As shown in Figure 1, the mean RTL measurement (T/S) was significantly longer in PLWH groups (n = 78; T/S HIV: 1.04; T/S HIV/Cancer: 1.04) compared to individuals in the control group (n = 163; T/S: 0.96) (p = 0.0002 and p = 0.0125, respectively). No significant differences in mean RTL were observed among PLWH groups.

Click to view original image

Figure 1 Comparison of RTL measurement between the study groups. Legend: RTL = relative telomere length. T/S ratio = amount of telomere repeat amplification product (T) to a reference single-copy gene signal (S). p-values are shown at the top; p < 0.05 is considered significant. Kruskal-Wallis non-parametric test.

In addition, a trend towards longer mean RTL was observed in PLWH with a longer time since diagnosis of HIV infection (above the mean of 13 years of infection) compared to the group with a shorter time since infection (≤13 years), showing a borderline statistical significance (p = 0.06).

In the PLWH group with cancer, the mean RTL was significantly longer in the PLWH group with NADCs than in the HIV-uninfected control group (1.05 versus 0.96; p = 0.03). However, no significant difference was found in the mean RTL between the control group and the PLWH group with AIDS-defining cancers (ADCs) (0.96 versus 1.01) or between NADCs and ADCs in PLWH groups (1.05 versus 1.01) (Figure 2).

Click to view original image

Figure 2 Comparison of RTL measurement between groups according to types of cancers. Legend: RTL = relative telomere length. T/S ratio = amount of telomere repeat amplification product (T) to a reference single-copy gene signal (S). p-values is shown on the top, p-values is are shown on the top, p < 0.05 is considered significant. Kruskal-Wallis non-parametric test.

By analyzing RTL measurements by gender, we found that the mean RTL was significantly longer in women from the PLWH group without cancer than in women in the control group (1.03 versus 0.91; p = 0.0002). No difference in mean RTL was found among males in the studied group (p > 0.999).

Other relevant factors were also investigated in the study for association with RTL. However, these factors were not significantly associated with RTL: age, use of different cART regimens, CD4 counts, CD4/CD8 ratio, and presence of co-infection, although 57% of individuals with HIV/cancer have a sexually transmitted infection (Table 2). It was not possible to analyze the relationship between relative telomere length, viral load, and race because the Brazilian population is a product of mixing different ancestral backgrounds [21].

4. Discussion

4.1 Telomere Length

The long-term consequences of ART administration in PLWH on TL remain controversial. The introduction of ART has increased the life expectancy of PLWH; however, its use remains a paradox regarding cellular aging in this group, even though it improves survival and quality of life. Although it improves the immunological condition of these individuals, some studies point to a higher risk of illness and death when compared to HIV-negative individuals in the same age group, due to the premature aging process in this group and non-AIDS-defining illnesses, such as some neoplasms, also associated with aging [22,23,24]. It has also been suggested that premature and accelerated aging in PWWH may be related to the adverse effects of ART, as some nucleoside reverse transcriptase inhibitor (NRTI) drugs have been shown to inhibit telomerase activity in vitro, leading to accelerated telomere shortening [25,26].

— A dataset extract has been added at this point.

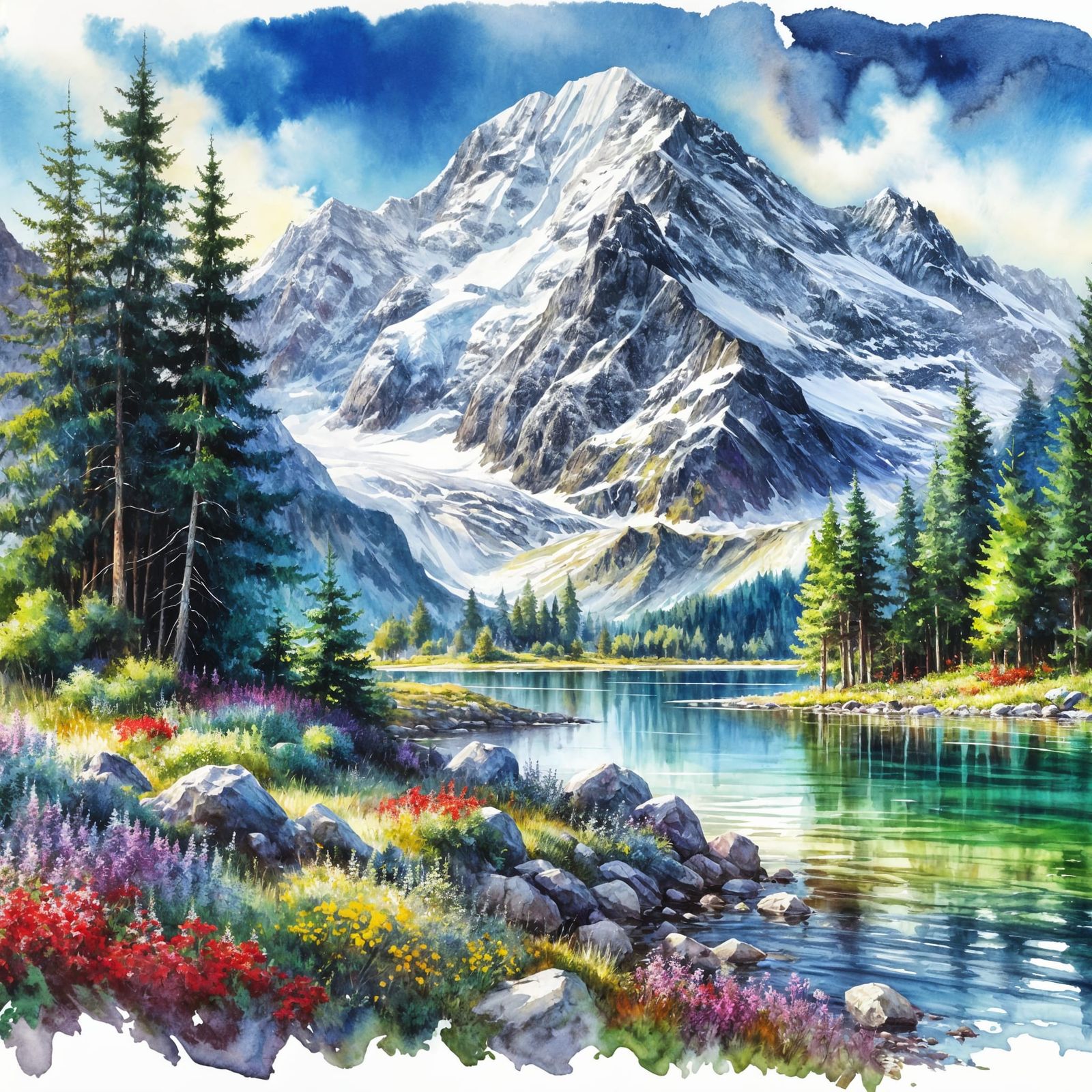 Vibrant Watercolor Mountain Landscape with Wildflowers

Auld et al. found that HIV-infected participants had significantly shorter telomeres compared to HIV-negative individuals [27]. However, no significant association was found between TL and new diagnosis or ART use among the HIV-infected participants. Additionally, the authors found no significant correlation between TL and tuberculosis diagnosis, characterized as HIV-associated opportunistic infection. In the present study, we also did not find a significant association between RTL and co-infection (p = 0.77). Gianesin et al. demonstrated an association between antiretroviral treatment (ART) and telomere length in HIV-positive children. They observed that children initiating ART (TARv) had significantly longer telomeres compared to HIV-positive children who had not received treatment, suggesting a tendency for telomere lengthening following the introduction of ART [28].

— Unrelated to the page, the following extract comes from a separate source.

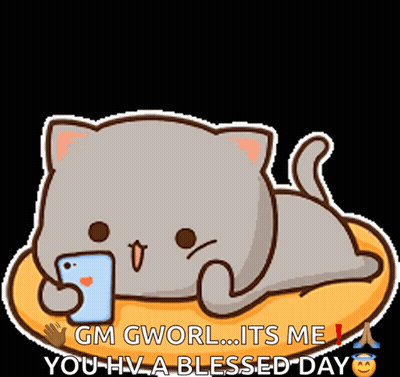 Cartoon Cat Laying On Pillow Looking At Phone GIF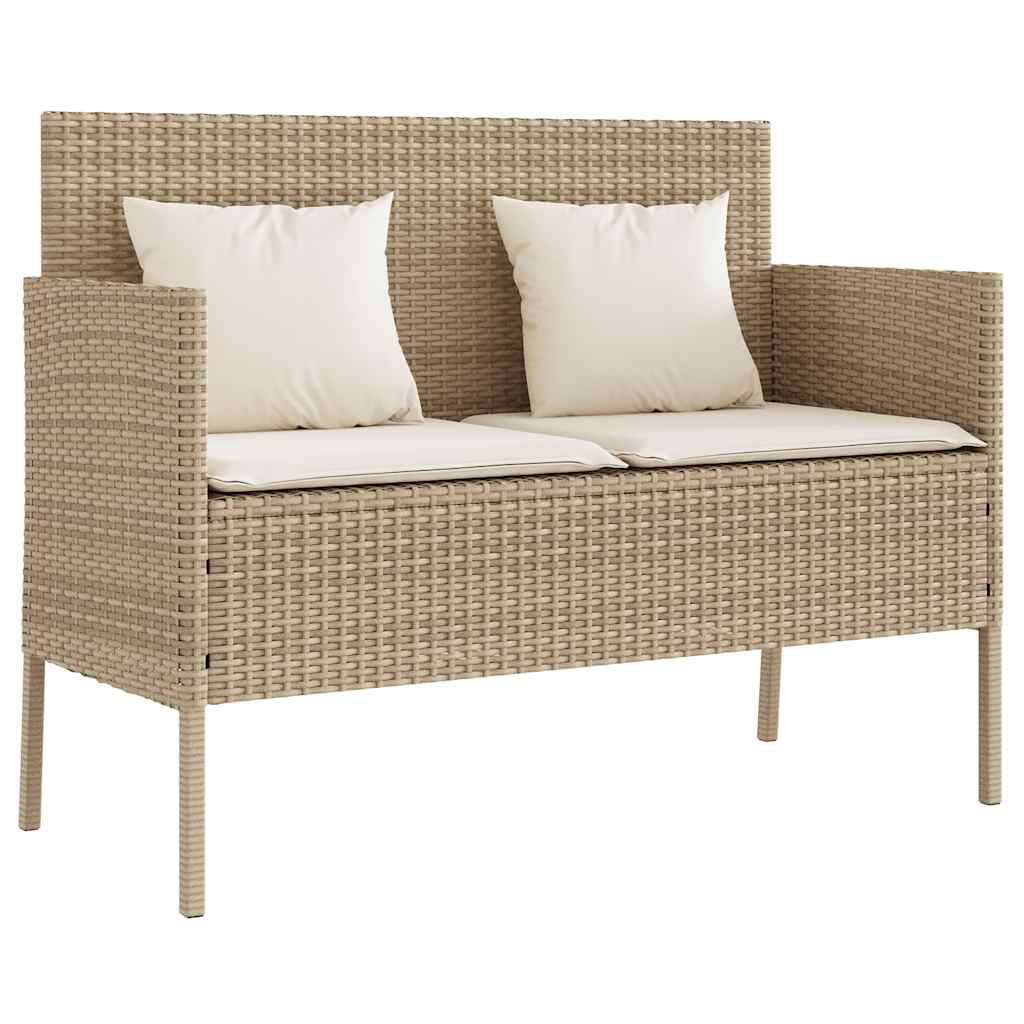 Gartenbank mit Kissen Beige Poly Rattan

Schoepf et al. observed that significantly shorter telomeres were found in PLWH during untreated HIV infection. In contrast, individuals on suppressive ART showed no change in TL, though a visual trend towards an increase in TL was observed in men. The authors also described that no TL change was found during long-term suppressive ART (almost 10 years). Although there was no statistical significance, our study observed a trend towards increased telomeres in PLWH under the ART regimen with a longer HIV diagnosis (>13 years of infection). This prolonged use of ART may be linked to telomere lengthening, which could confer a protective effect on the genome of these individuals [29]. Accordingly, Raffenberg et al. observed that delaying ART start was significantly associated with TL shortening [30].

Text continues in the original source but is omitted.